# Changing wheels on a bench grinder



## Smile_n_Nod (Jan 20, 2011)

I need to change the wheel on my bench grinder. I've remove the shield around it and am ready to loosen the nut that holds the wheel in place. The problem is that I can't figure out how to keep the wheel from rotating while I loosen the nut. On a lawn mover or circular saw I can brace the cutting blade with a piece of wood, but a grinding wheel is smooth so there's nothing to stop it turning. Is there a "trick" to doing this, or should I just hold on the best I can with one hand while using a wrench to loosen the nut with the other hand?


----------



## saddletramp (Mar 6, 2011)

I generally hold the opposite wheel while I loosen the nut.


----------



## BillWhite (Jul 23, 2007)

Hold the other wheel or hold the wheel to be changed with a rag/shop towel jambed against the tool rest.
Don't get too rough with the job and, when the old wheel is removed, ya might wanna lube the grinder shaft with an anti-sieze compound. Do not over tighten the nut when installing the new wheel. Normal spin will keep the nut tight.
Bill


----------



## mveach (Nov 16, 2011)

If the nut has become very tight, just tap the wrench with a mallet. I also ring a new stone before installing it. Put a nail or other metal object through the boor and tap the stone on the side lightly with another small metal object. An old timer showed me this many years ago and I still do it every time I change the stone.


----------



## TopamaxSurvivor (May 2, 2008)

mveach, What is that supposed to do?


----------



## WoodKutter (Nov 27, 2008)

Remember also that the right wheel has right hand threads and the left wheel has left hand threads. I hold the other wheel with my hand also. Doesn't always work, just most of the time.

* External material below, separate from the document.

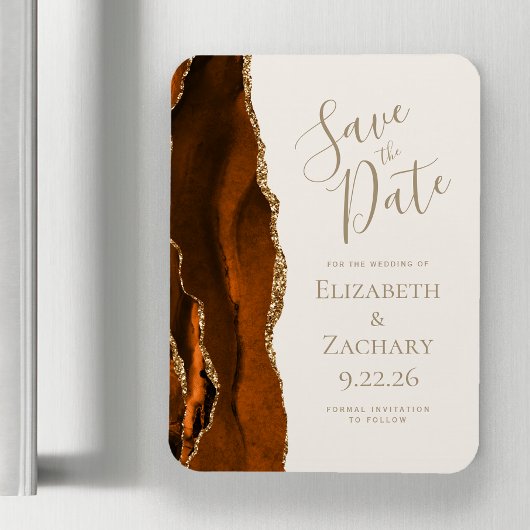 Modern Agate Burnt Orange Gold Ivory Save the Date Magneet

mveach is correct about ringing a wheel. when tapping the wheel lightly, you want to hear a nice ring to it. If it sounds dull or flat, the wheel has a fault in it and may come apart during use.


----------



## Danpaddles (Jan 26, 2012)

I always stand off to the side when I mount a wheel, the first time I power up. Either a new, stone or one that has not been used for a while. The bond that holds the grit together can be attacked chemically, or physically.


----------



## TopamaxSurvivor (May 2, 2008)

How do you tell if you can't hear those sounds? ;-((


----------



## ksSlim (Jun 27, 2010)

^Topa…don't stand in front of the grinder so as not be be there when the wheel flies apart.
Otherwise it takes a looong time to typ without stakes.


----------



## TopamaxSurvivor (May 2, 2008)

I don't stand directly in line with anything when it starts up, especially large amp electrical switches or any 480 device. Saved me a lot of grief more than once ;-))

As a side note; a fellow I once did work for was standing in front of a 480 volt motor starter that was tripping a circuit breaker. He reset it and tried it, it tripped. He did it again and it tripped. He did it again, the starter blew up, the door flew open and took off a little piece of his ear! He was very lucky!


----------



## Smile_n_Nod (Jan 20, 2011)

I didn't realize the left wheel uses a left-hand thread. It seems like I should be able to use one wrench to hold the nut on one side while I loosen the nut with another wrench on the opposite side.


----------